BEGIN EXERCISE DATA

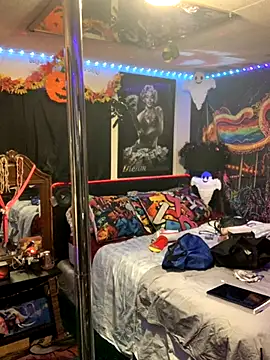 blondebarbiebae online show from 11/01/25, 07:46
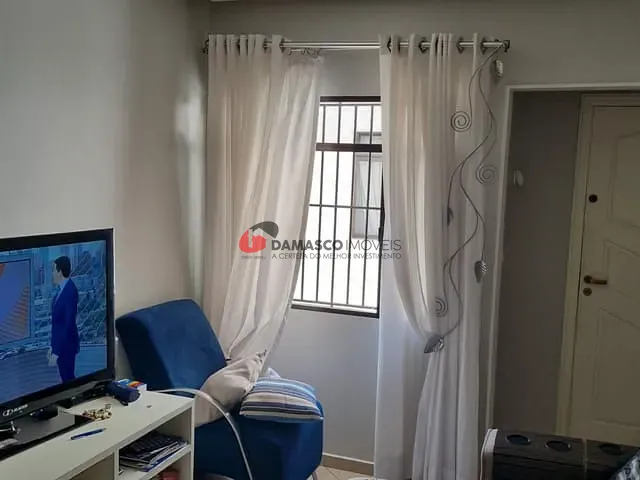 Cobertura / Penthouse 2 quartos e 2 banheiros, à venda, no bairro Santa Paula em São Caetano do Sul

END EXERCISE DATA
BEGIN EXERCISE DATA

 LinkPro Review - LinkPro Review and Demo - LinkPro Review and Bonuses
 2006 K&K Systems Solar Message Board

END EXERCISE DATA
BEGIN EXERCISE DATA

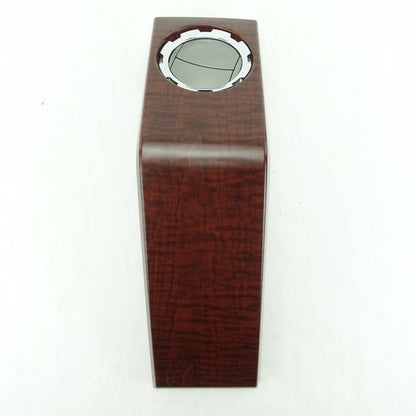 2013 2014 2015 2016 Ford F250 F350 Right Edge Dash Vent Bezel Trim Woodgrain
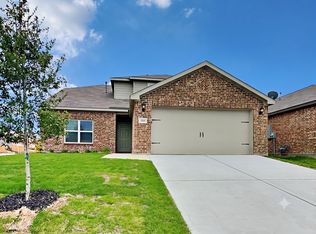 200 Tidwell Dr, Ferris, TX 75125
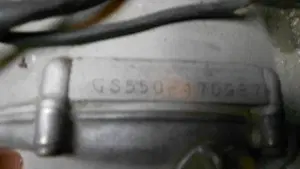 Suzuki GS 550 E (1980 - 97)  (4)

END EXERCISE DATA

* _TASK ITEM_: For this exercise, reproduce exactly the lines of the records above from the one with "blondebarbiebae online show" up to and including the one with "Cobertura / Penthouse", without pictures.

* _COMPLETED EXERCISE_:
 blondebarbiebae online show from 11/01/25, 07:46
 Cobertura / Penthouse 2 quartos e 2 banheiros, à venda, no bairro Santa Paula em São Caetano do Sul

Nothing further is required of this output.